J’avais 12 ans, quand j’ai demandé près du pont Szamos :


« Maman, dis-moi, quel est le but de la vie?
- Être heureux.
- Et qu’est-ce qu’il faut pour le bonheur?
- Tu peux le trouver en deux choses: dans ton Travail et dans l’Amour, dans les deux ensemble. »


Avant de devenir membre de l’Union de la Jeunesse, je pensais qu’on doit suivre ce qui est nouveau, ainsi tu t’élèves et ne restes pas moyen. Si tu ne luttes par pour ce qui est neuf, tu te noies dans la masse ou même tombes plus bas. Je lutterai donc pour la nouveauté. Le neuf gagne toujours, me disais-je alors !

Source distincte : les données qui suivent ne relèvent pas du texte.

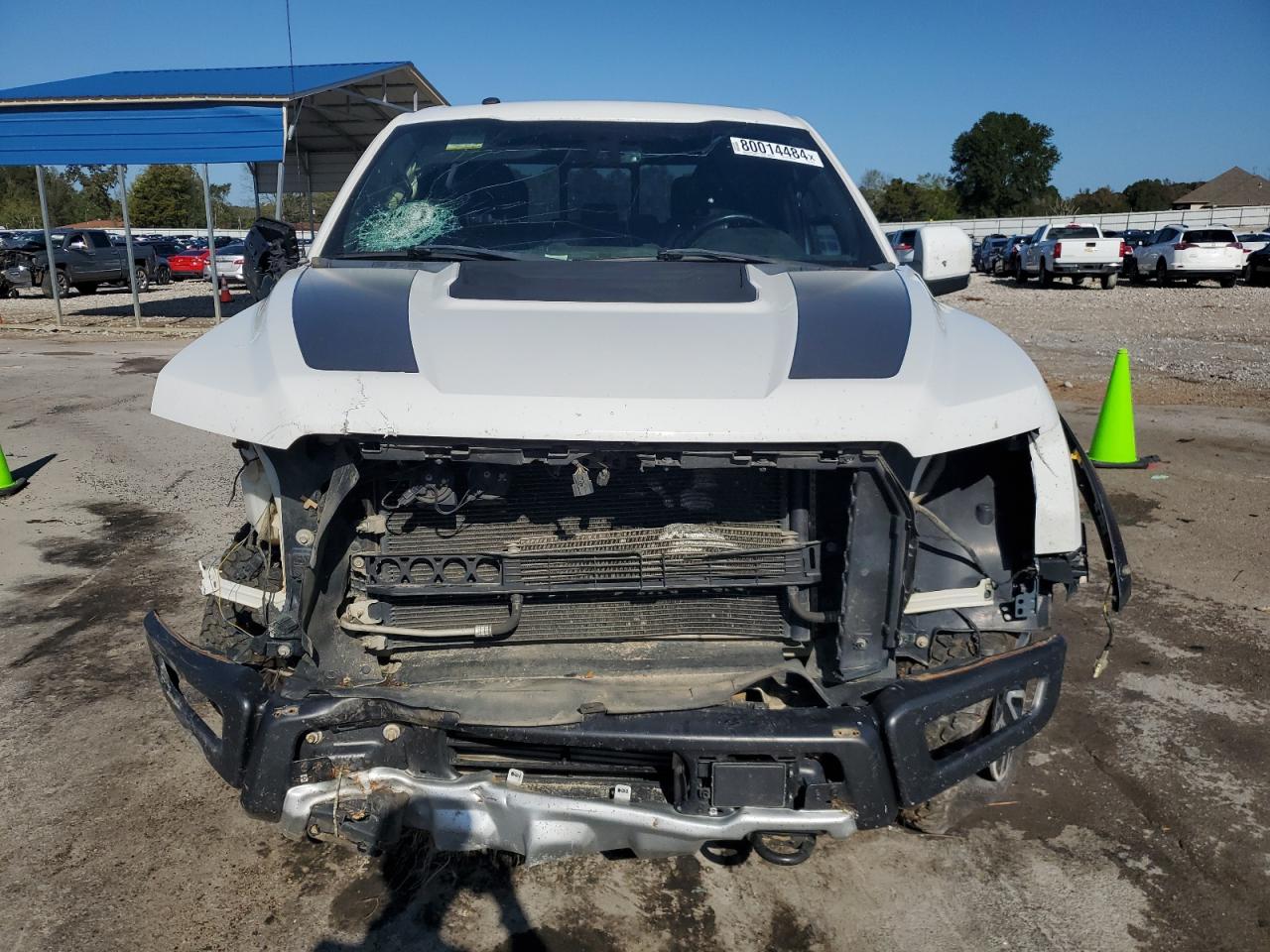 2017 Ford F-150 VIN 1FTFW1RG4HFA66218 Copart auction photo, front end / side damage thumbnail 5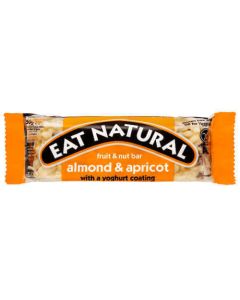 EAT NATURAL ALMOND & APRICOT BAR - YOGHURT COATED 12X40G
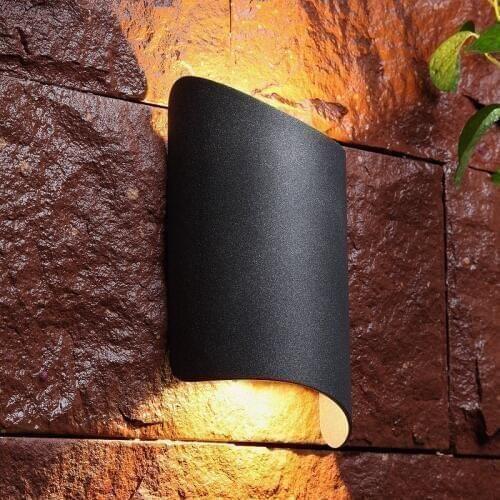 Outdoor Waterproof IP55 LED Wall Light Porch Garden Wall Lamp Home Sconce Indoor Decoration Lighting Lamp Aluminum AC85-265V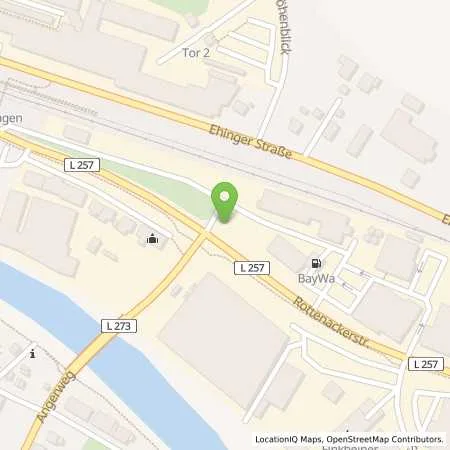 Standortübersicht der Tankstelle BayWa Tankstelle Munderkingen in 89597 Munderkingen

Depuis lors, mes idées se sont beaucoup modifiées : le bonheur ne peut pas être un but, seulement une conséquence. Le bonheur pour moi, c’est quand je réussis à bien réaliser quelque chose, quand je vois le résultat de mon œuvre. Un homme égoïste ne peut être heureux. Le bonheur, c’est quand tu fais du bien à quelqu’un, tu réussis à lui procurer de la joie. Si le but de quelqu’un est de rester entre les “plus hautes sphères” ou “d’être connu”, jamais il ne le deviendra.


Le but de chacun doit être décidé par lui-même, et fixé avec soin.


Sans hésitations le but devrait être: “aider à construire le communisme”. Même si tu peux ajouter une seule brique utile, après ta mort tu peux être tranquille : tu n’auras pas vécu pour rien. Mais c’est si difficile de décider. Je dois réfléchir sérieusement. Je ne dois pas me laisser influencer par des gens comme Alina, mais plutôt par ceux comme Édith et la femme médecin qui a été en Corée pour aider les blessés.


La question est dorénavant, parce que le reste est déjà décidé, (si on aide les autres on est heureux aussi soi-même) comment moi, en partant de la situation où je suis actuellement, je pourrai atteindre ce but. Pour cela je dois d’abord m’analyser et étudier ma situation, sans ménager mon amour propre, sans m’estimer ni trop ni trop peu. Ceci est extrêmement dur. Mais il le faut.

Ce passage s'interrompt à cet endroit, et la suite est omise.